Your instructions: From the entries below, output the line with "Hyundai Kona 39 EV Advanced 5d" and each following line up to and including the line with "Chic Embroidered Maxi Dress in Cream", exactly as written.

Short descriptive text snippets:
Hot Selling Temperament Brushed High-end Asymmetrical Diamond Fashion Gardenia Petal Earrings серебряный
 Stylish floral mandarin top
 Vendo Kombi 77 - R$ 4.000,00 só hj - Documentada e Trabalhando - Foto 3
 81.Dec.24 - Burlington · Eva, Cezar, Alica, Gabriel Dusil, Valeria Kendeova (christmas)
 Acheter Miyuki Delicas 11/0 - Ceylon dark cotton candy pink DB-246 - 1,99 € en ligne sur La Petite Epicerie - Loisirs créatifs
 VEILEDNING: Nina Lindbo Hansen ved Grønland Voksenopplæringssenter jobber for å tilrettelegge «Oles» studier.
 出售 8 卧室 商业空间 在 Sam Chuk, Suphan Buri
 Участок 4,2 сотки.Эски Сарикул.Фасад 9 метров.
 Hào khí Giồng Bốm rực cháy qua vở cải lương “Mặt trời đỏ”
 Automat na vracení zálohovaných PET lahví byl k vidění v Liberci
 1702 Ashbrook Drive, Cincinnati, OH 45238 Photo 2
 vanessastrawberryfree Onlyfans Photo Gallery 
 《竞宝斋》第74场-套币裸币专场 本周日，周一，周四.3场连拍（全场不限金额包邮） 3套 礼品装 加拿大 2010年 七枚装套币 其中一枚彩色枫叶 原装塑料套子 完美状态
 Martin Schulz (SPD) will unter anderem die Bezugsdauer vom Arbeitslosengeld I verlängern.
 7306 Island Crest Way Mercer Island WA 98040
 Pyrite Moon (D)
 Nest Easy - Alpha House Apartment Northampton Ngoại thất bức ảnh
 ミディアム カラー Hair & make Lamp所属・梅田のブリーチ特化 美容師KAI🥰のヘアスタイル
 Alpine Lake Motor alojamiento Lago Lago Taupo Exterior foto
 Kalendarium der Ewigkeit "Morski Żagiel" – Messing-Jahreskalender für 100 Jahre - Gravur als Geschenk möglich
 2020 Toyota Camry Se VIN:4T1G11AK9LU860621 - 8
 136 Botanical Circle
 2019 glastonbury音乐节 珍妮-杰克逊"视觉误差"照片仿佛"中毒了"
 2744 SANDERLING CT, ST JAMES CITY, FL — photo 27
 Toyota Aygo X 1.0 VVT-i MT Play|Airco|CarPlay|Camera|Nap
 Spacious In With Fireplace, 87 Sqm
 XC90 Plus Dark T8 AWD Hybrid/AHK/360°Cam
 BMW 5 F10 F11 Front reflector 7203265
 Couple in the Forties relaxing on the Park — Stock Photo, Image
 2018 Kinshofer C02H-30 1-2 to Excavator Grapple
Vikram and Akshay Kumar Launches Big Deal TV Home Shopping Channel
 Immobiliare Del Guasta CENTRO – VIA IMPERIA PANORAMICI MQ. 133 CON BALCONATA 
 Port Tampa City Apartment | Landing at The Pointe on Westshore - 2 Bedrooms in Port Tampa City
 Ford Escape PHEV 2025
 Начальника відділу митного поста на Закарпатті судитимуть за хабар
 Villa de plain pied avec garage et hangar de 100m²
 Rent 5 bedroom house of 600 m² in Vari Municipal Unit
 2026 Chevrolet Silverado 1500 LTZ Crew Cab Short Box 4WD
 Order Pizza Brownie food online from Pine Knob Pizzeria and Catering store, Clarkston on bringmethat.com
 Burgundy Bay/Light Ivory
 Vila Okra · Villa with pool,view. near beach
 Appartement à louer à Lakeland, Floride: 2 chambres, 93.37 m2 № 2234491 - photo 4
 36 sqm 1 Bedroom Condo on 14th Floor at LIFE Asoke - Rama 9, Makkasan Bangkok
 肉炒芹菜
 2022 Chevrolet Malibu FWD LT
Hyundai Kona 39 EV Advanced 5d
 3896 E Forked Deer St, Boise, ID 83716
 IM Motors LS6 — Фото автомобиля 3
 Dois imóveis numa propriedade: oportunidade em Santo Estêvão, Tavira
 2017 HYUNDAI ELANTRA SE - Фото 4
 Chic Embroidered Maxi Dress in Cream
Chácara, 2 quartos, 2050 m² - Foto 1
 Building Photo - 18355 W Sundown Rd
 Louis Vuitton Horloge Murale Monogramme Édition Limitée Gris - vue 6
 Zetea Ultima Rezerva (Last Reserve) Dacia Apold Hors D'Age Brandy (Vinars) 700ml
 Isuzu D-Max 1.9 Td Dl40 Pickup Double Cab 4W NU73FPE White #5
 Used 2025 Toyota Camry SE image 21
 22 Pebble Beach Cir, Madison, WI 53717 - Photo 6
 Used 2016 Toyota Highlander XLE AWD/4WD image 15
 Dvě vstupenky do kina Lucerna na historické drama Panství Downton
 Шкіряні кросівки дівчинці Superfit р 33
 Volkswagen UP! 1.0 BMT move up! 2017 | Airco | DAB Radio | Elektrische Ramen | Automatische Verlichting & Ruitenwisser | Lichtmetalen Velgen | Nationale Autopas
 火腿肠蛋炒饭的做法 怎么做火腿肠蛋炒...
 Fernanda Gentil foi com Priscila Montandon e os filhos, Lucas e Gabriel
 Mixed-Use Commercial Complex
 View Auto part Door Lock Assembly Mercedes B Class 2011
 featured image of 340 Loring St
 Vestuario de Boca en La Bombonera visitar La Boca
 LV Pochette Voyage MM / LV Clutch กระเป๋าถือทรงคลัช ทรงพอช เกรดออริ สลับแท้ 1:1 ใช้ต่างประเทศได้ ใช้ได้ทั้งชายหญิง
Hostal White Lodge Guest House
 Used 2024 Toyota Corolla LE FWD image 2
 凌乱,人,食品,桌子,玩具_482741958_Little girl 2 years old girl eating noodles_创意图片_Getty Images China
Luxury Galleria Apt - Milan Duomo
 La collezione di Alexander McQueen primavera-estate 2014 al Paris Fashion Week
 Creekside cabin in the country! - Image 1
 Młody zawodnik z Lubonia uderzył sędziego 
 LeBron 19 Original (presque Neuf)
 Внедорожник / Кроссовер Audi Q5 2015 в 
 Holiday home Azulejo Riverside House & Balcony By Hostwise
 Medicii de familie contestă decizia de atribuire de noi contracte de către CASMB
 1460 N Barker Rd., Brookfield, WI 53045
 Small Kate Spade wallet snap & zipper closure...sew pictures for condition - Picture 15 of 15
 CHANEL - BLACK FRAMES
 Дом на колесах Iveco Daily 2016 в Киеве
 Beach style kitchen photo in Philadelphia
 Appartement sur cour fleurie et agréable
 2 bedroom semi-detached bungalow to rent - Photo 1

Completed exercise:
Hyundai Kona 39 EV Advanced 5d
 3896 E Forked Deer St, Boise, ID 83716
 IM Motors LS6 — Фото автомобиля 3
 Dois imóveis numa propriedade: oportunidade em Santo Estêvão, Tavira
 2017 HYUNDAI ELANTRA SE - Фото 4
 Chic Embroidered Maxi Dress in Cream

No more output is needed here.